Imagine a neuroscientist browsing brain data. Her two questions, ``where am I?'' and ``what is this?'', require different support. When answering the former question (or when zoomed out) not all of the detail stored in the database is needed. This situation provided us an opportunity to improve the responsiveness of our interface. We looked at reducing image transmission time by trading initial image detail for speed and, later, as it was needed or there was time, adding more detail to the image.
In order to trade off image quality for image loading speed, we needed a representation of the data that could be used to transmit an image in such a way that the quality of the image could be incrementally improved. That is, we want to incrementally improve an image's resolution, and do so at the user's command. We considered the interleaved GIF format. The popular WWW browser, Netscape, uses interleaved GIF to show the user a coarse view of a picture that is then refined with time. However, GIF was insufficient for our purposes because it can only be used to store 256-color images, and we wanted more flexibility.

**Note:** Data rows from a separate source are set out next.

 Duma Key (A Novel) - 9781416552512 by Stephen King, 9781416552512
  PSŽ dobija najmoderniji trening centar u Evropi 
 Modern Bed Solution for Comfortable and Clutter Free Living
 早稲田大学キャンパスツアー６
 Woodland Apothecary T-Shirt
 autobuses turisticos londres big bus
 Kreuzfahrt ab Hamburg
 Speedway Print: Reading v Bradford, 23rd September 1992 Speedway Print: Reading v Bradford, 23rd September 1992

Unfortunately, all of the Tk-supported image formats lacked the flexibility to store 24-bit color images in a form that can be efficiently loaded incrementally. So, we started looking at general requirements for our image model: rapid display of a good image and refinements to the image with minimal database access. If we found a suitable representation, we would see how hard it would be to extend Tk to support it.
We quickly focused on wavelet-based compressed images. For our purposes here we describe the wavelet transform simply as taking images (pixel values) and producing collections of coefficients. (Wavelets are a much more complicated topic.) These coefficients are averages and differences from the average over some area. One wavelet coefficient will represent the average intensity of the whole image whereas others contain information about smaller portions of the image. A network packet of pixels is just a set of dots, while a network packet of wavelet coefficients would generate a fuzzy but complete version of the original image.
To prepare for incremental resolution we a) transform the image to produce coefficients, b) sort the wavelets coefficients from coarsest details to finest, and c) store them. When the viewer requests an improvement in the image, more coefficients are read sequentially from disk. Sorting in this fashion satisfies our requirement that large improvements in quality occur early in the transfer. Indeed, just a few percent of the data is normally sufficient for a good image.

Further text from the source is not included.